Leave out every picture and set down, exactly, the lines below from the one holding "Ritratto razza cane - ritratto, di" up to and including the one holding "Sid, an adoptable".

# RAW DATA
---*---

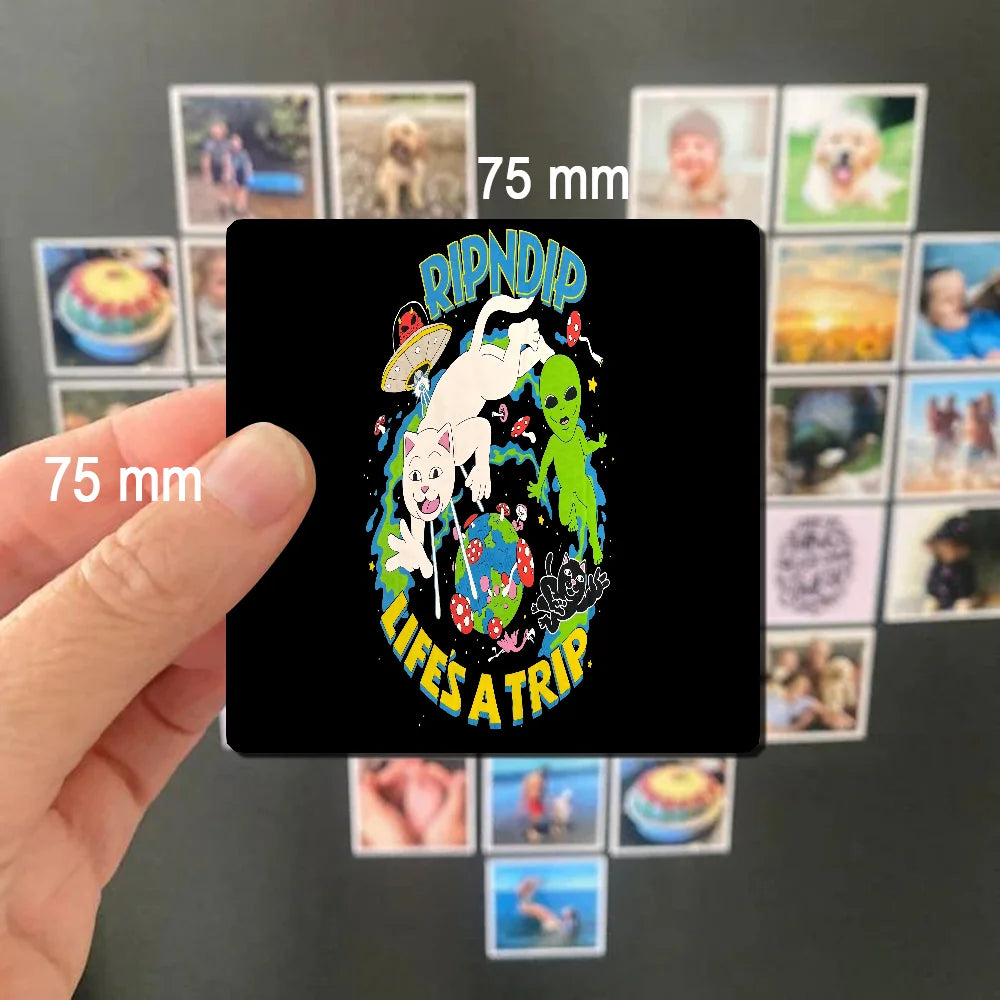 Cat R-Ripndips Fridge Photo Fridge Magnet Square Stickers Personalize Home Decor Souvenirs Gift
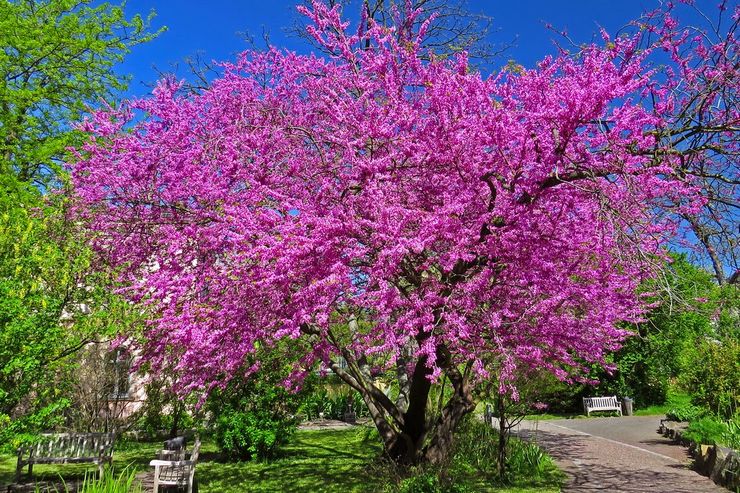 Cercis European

---*---

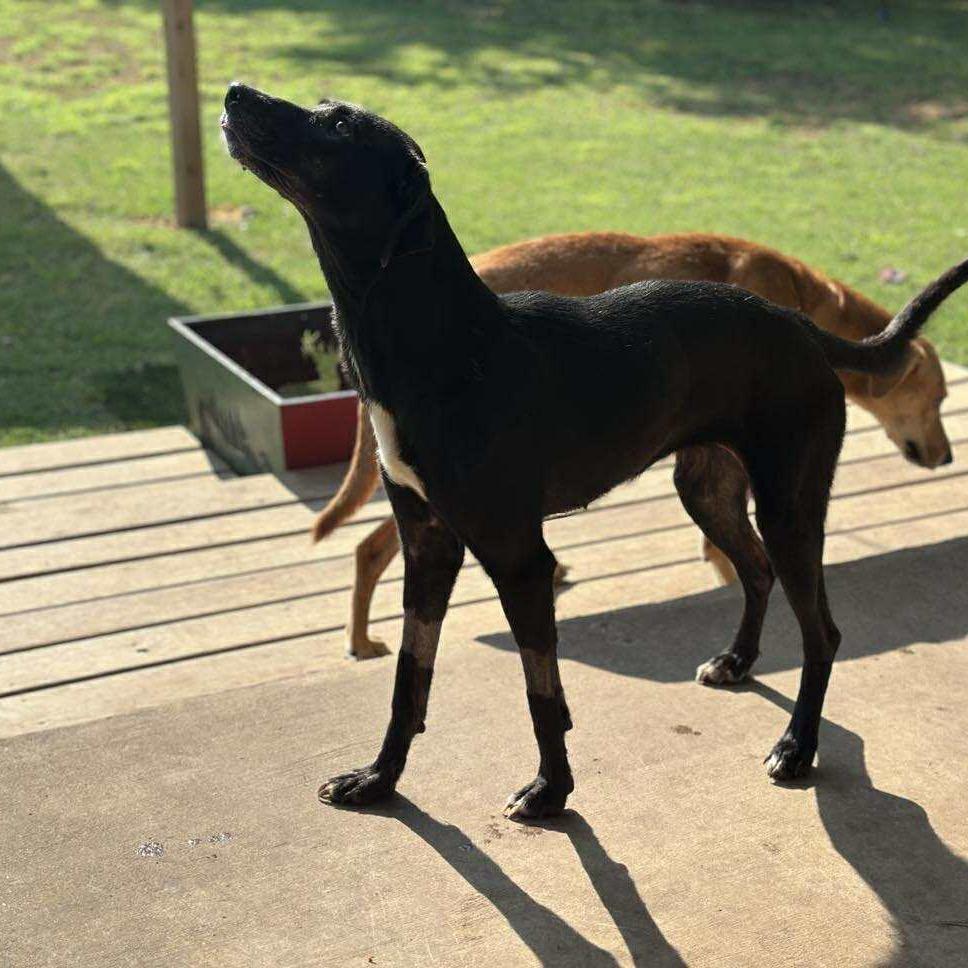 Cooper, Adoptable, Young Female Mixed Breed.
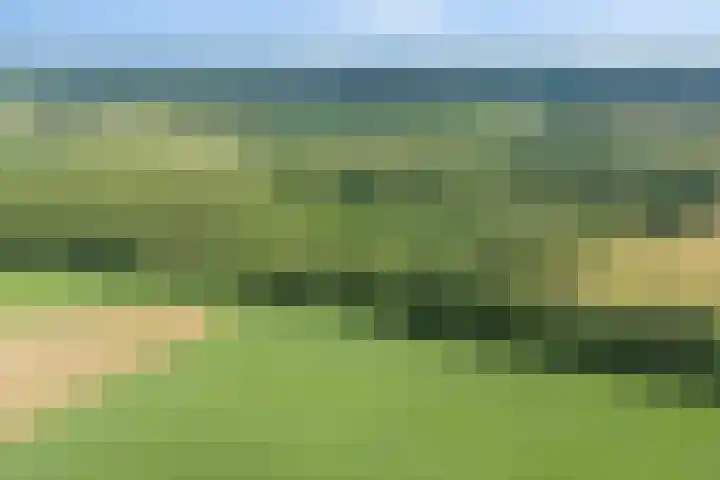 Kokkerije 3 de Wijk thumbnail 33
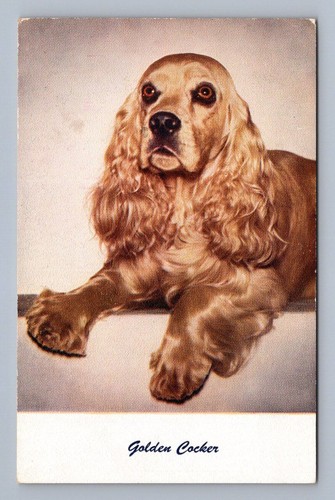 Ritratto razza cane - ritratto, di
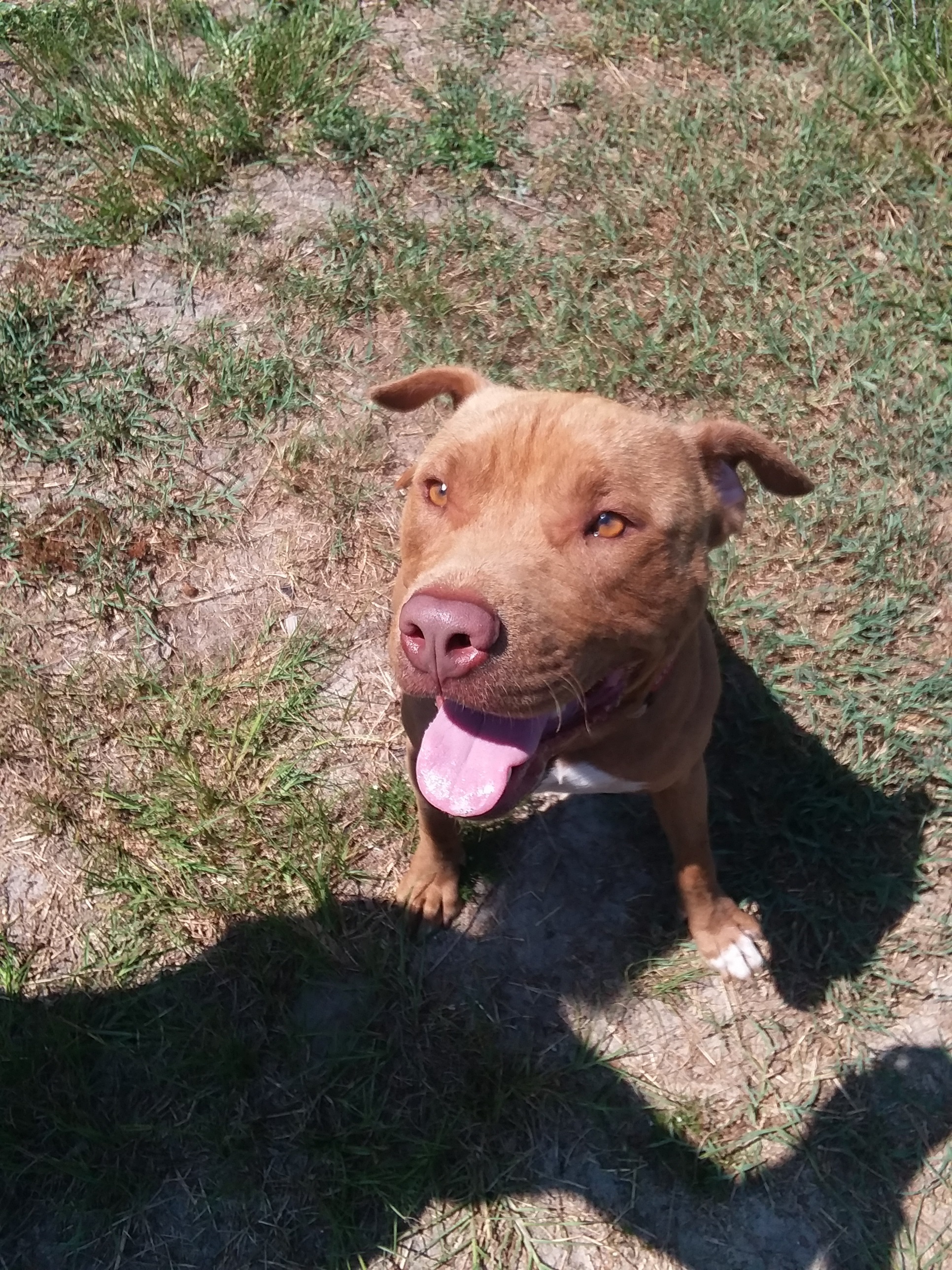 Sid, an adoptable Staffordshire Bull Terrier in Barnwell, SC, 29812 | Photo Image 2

---*---

# THE ANSWER
 Ritratto razza cane - ritratto, di
 Sid, an adoptable Staffordshire Bull Terrier in Barnwell, SC, 29812 | Photo Image 2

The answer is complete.